Esteri

Giovedì scorso si sono tenuti i funeral di Awdah Hathaleen

A dieci giorni dall'uccisione dell'attivista palestinese Awdah Hathaleen per mano del colono israeliano Yinon Levi, l'esercito e la polizia israeliana hanno finalmente restituito il corpo alla famiglia per la sepoltura. Il funerale si è svolto due gioni fa vicino al villaggio natale di Hathaleen, nella comunità di Umm Al-Khair, nella Cisgiordania occupata.

Hathaleen è stato colpito a morte a circa 35 metri da Levi, pertanto senza che potesse costituire una minaccia. Nonostante ciò, le autorità israeliane hanno imposto condizioni rigide sul luogo e le modalità della sepoltura, paragonabili a quelle che vengono imposte ai palestinesi accusati di attentati.

Inizialmente l'esercito ha ordinato che il funerale si tenesse nella vicina città di Yatta, sostenendo che il cimitero di Umm Al-Khair fosse "illegale". È stato inoltre vietato l'allestimento della tenda del lutto. Successivamente, le autorità hanno proposto una sepoltura notturna, con massimo 15 partecipanti.

Alla vigilia di un'udienza presso l'Alta Corte israeliana sul rilascio del corpo, l'avvocato della famiglia e i rappresentanti statali hanno raggiunto un accordo: sepoltura in un villaggio vicino alla comunità di Umm Al-Khair, con accesso libero. Tuttavia, il giorno del funerale, esercito e polizia hanno bloccato l'ingresso ai non residenti, costringendo alcuni partecipanti a percorrere strade sterrate per arrivare.

L'avvocato Tamir Blank ha denunciato una violazione dell'accordo, che prevedeva "nessuna limitazione al numero di partecipanti o all'allestimento della tenda". Durante la cerimonia, la Corte ha tenuto udienza per discutere le restrizioni.

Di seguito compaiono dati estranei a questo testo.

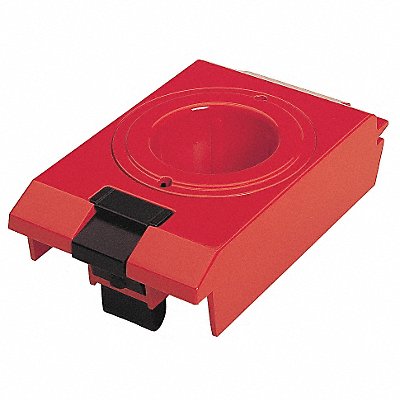 Molded Tool Holder 40 Taper Plastic MPN:12.062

I giudici hanno riconosciuto le violazioni, ma lo Stato ha invocato "esigenze di sicurezza" per giustificare la chiusura dell'area come zona militare.

L'uccisione di Hathaleen è avvenuta dopo che un escavatore di un'azienda di Levi aveva terminato dei lavori in un'area formalmente sotto la giurisdizione dell'insediamento di Carmel, ma di fatto interna alla zona residenziale del villaggio. Invece di uscire dalla strada principale, il mezzo ha attraversato i giardini, danneggiando ulivi e recinzioni. Quando gli abitanti hanno protestato, il conducente ha colpito uno di loro con il braccio meccanico, provocando un diverbio. Levi è intervenuto colpendo un residente con la pistola e poi aprendo il fuoco, uccidendo Hathaleen.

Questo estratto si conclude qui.